I’m fully aware that, as an old-school Star Trek fan, I was supposed to hate Star Trek Into Darkness. This article should be a lengthy dissertation on all the movie’s faults, and if you found it fun and entertaining, I’m supposed to tell you to stop it, because you are wrong, wrong, wrong. I should also prove how smart and witty I am by making several snarky comments about lens flares.
But that’s not what I’m going to do.
Like its predecessor, Star Trek Into Darkness is a fun ride that does not always make a ton of sense in the story department. The fact is that there are some serious, story-derailing plot holes. But you know what? EVERY Star Trek film except for The Motion Picture and The Voyage Home has serious, story-derailing plot holes. My knowledge of movies is by no means encyclopedic, but I can’t think of one summer blockbuster ever that doesn’t have serious, story-derailing plot holes. A sizable chunk of the Internet is devoted to making fun of them!
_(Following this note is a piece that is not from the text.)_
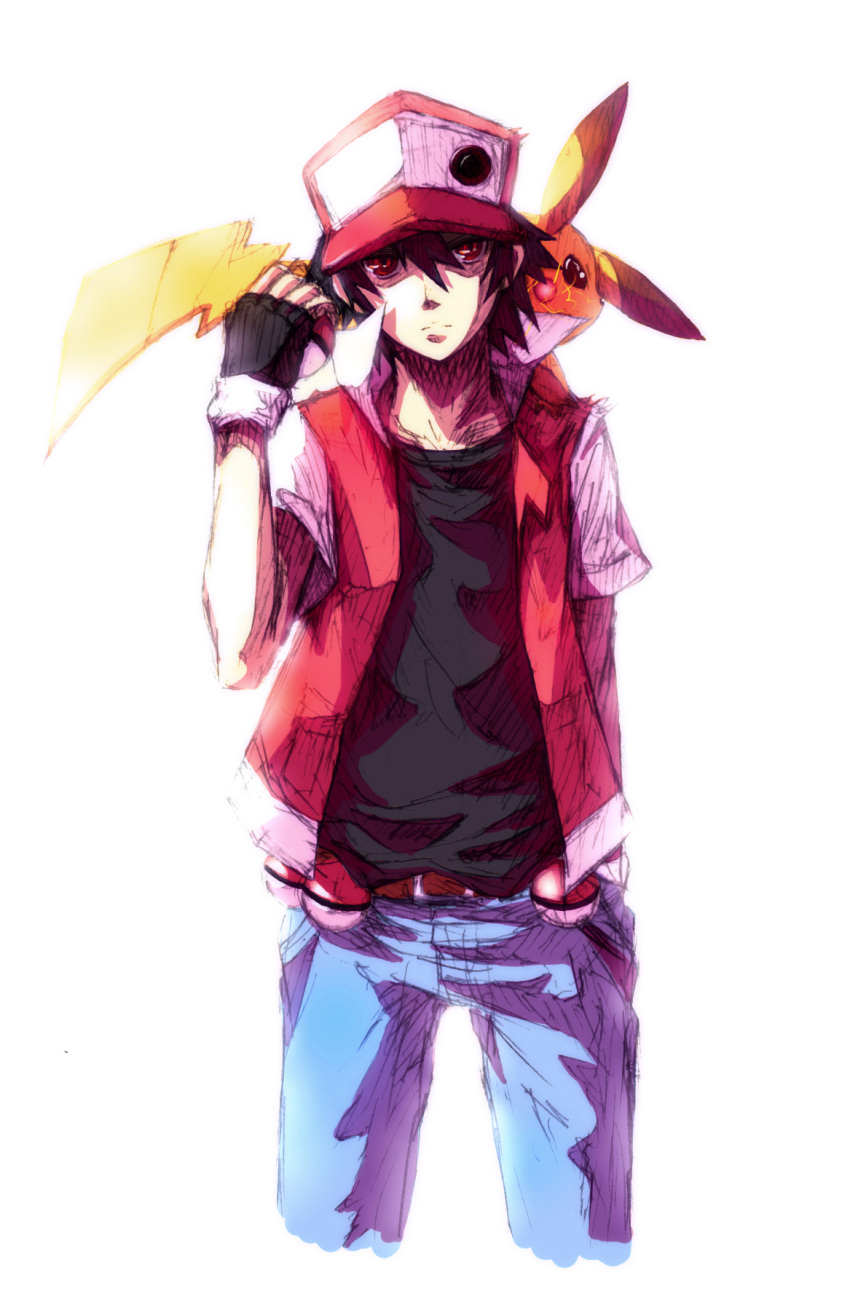 1boy, baseball_cap, belt, black_hair, hat, highres, holding, holding_poke_ball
That being said, there is one moment that completely took me out of the movie. You know the one I mean:
I know, when director’s commentaries are recorded and interviews are given, J.J. Abrams and his cohorts will claim that the moment where Spock yells “Khaaaaan!” was meant as an affectionate homage, a nod to old-school Star Trek fans to assure us that the filmmakers made this movie for us, too. Unfortunately, it kind of made it look like they’ve never actually seen The Wrath of Khan, or at least weren’t aware of the reaction William Shatner’s famous line elicits. I don’t know how cinema audiences reacted to it in 1982 because my parents didn’t believe in taking their 4-year-old to a movie in which alien brain worms slither in and out of peoples’ ears, but I sure can tell you the reaction that Shatner’s yell of “KHAAAAN"!” gets today: it makes people laugh. Or at least chuckle. It’s not a Crowning Moment of Awesome, it’s more of a Crowning Moment of Cheesiness That Still Somehow Manages To Be Kind Of Awesome.
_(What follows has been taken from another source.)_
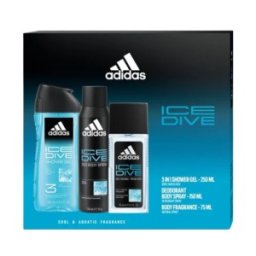 Set 2 x Caseta Cadou Barbati Ice Dive Deodorant Natural Spray 75 ml Deodorant Spray Gel Dus 250 ml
So towards the end of Star Trek Into Darkness when Kirk dies saving the Enterprise, at a moment when the filmmakers clearly are trying to make you cry, having Spock howl “KHAAAAAN!” elicits the completely opposite reaction. It makes you laugh. And in so doing, it takes you right out of the movie and breaks the suspension of disbelief. For a moment you lose the ability to pretend that the stuff on the screen is actually happening and that the lines the characters are saying are really their words, and not something that’s been carefully crafted by a screenwriter.
So yeah, the “KHAAAAAN” thing bugged me. But other than that, I honestly did enjoy the movie. It was big and entertaining, and the characters were genuinely pleasurable to watch. Especially Simon Pegg’s Scotty. He absolutely stole every scene he was in, and I really enjoyed watching him do his thing.
Better yet, the movie really tried (as much as a big dumb summer blockbuster can) to have a Star Trekkian message and to comment on current events. I appreciate that.
So why does it seem that the majority of the “geek community” is being so negative towards this film? Are they just trying to make themselves look smarter than everyone else by disparaging a piece of popular entertainment on the Internet? I’m sure that’s true for some people. But here’s why I think that J.J. Abrams’ Star Trek films are more heavily-criticized than their predecessors, even though they share many of the same kinds of story problems.
The people who wrote for the original Star Trek were not raised in a cocoon of electronic media. They read books. They had life experience outside the entertainment industry: Gene Roddenberry served in the military and worked as a commercial airline pilot and a police officer before he became a writer. Gene Coon, who contributed almost as much to the Star Trek universe as Roddenberry did, served as a Marine in World War II. Nicholas Meyer, who directed two of the Original Series films and wrote for three of them, is very well-read and peppered his scripts with literary references.
One gets the impression that J.J. Abrams and his associates like Damon Lindelof, Bob Orci, and Alex Kurtzman don’t have much experience in anything outside watching movies and TV shows, and maybe reading comic books and playing video games. This causes the movies they make to lack a certain kind of depth, and I think it’s something that people pick up on, if only subconsciously.
I’ll have some more random and nitpicky thoughts about Star Trek Into Darkness later, but for now my verdict is: fun movie, entertaining, well-acted, has some plot holes. In other words, a summer blockbuster.